Le Référendum d’Initiative Citoyenne a été popularisé par le mouvement des Gilets Jaunes dont il constitue l’une des principales parmi leurs quarante-deux revendications. Les Gilets Jaunes le présentent ainsi : « Création d’un site lisible et efficace, encadré par un organisme indépendant de contrôle où les gens pourront faire une proposition de loi. Si cette proposition de loi obtient 700 000 signatures alors [elle] devra être discutée, complétée, amendée par l’Assemblée nationale qui aura l’obligation (un an jour pour jour après l’obtention des 700 000 signatures) de la soumettre au vote de l’intégralité des Français. »

Il s’agit d’un outil de démocratie directe dont la mise en pratique permettrait de pouvoir institutionnaliser la voix des citoyens sur un ensemble de domaines suffisamment mobilisateurs.

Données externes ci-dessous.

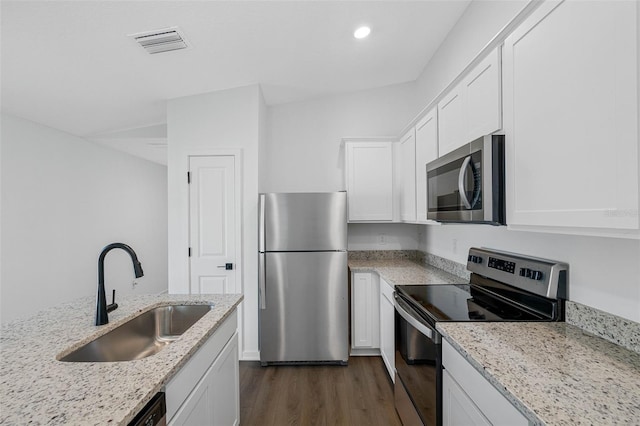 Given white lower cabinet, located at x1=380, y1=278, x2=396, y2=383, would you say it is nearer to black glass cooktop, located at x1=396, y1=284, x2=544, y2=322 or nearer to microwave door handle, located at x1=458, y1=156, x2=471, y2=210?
black glass cooktop, located at x1=396, y1=284, x2=544, y2=322

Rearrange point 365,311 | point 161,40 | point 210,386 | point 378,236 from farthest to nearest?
point 378,236
point 365,311
point 161,40
point 210,386

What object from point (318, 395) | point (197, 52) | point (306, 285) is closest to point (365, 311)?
point (306, 285)

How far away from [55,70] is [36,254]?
2189mm

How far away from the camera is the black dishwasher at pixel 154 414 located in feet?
2.61

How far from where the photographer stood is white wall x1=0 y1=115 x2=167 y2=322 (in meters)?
2.98

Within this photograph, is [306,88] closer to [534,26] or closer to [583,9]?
[534,26]

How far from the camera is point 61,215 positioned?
356cm

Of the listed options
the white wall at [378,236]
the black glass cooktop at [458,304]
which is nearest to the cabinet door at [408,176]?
the white wall at [378,236]

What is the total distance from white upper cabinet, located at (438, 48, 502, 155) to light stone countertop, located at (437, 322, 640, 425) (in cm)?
93

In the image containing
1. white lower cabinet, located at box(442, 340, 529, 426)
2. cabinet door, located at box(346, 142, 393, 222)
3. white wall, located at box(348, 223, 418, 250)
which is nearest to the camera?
white lower cabinet, located at box(442, 340, 529, 426)

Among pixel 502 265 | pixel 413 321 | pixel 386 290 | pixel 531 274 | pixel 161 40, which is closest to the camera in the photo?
pixel 531 274

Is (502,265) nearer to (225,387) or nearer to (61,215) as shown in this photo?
(225,387)

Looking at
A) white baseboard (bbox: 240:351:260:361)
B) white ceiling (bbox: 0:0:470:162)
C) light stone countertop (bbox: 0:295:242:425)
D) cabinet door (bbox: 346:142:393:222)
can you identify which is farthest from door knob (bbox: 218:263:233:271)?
white ceiling (bbox: 0:0:470:162)

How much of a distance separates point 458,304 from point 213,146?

Il représente un moyen d’action alternatif et en même temps complémentaire à la démocratie représentative. Sous condition d’un nombre de signatures suffisant, un référendum – principalement législatif, abrogatif, constituant ou révocatoire – serait tenu sur un sujet proposé en amont et qui ferait l’objet d’un débat national. Les résultats du référendum auraient ensuite force de loi et devraient donc être appliqués par l’État.

En 2019, quarante pays le pratiquent déjà au niveau national sur plusieurs continents. En France, l’idée de son instauration clive à plus d’un titre. Ses partisans sont eux-mêmes partagés, entre ceux qui s’opposent à ce qu’il puisse porter sur des sujets comme la peine de mort ou l’IVG, et ceux qui demandent un RIC « en toutes matières ». Par ailleurs, si des enquêtes d’opinion soulignent qu’une majorité de Français est favorable au RIC, ce dernier ne représente toutefois qu’1,5% des revendications inscrites dans les cahiers de doléances lancés dans le cadre du grand débat national initié par Emmanuel Macron.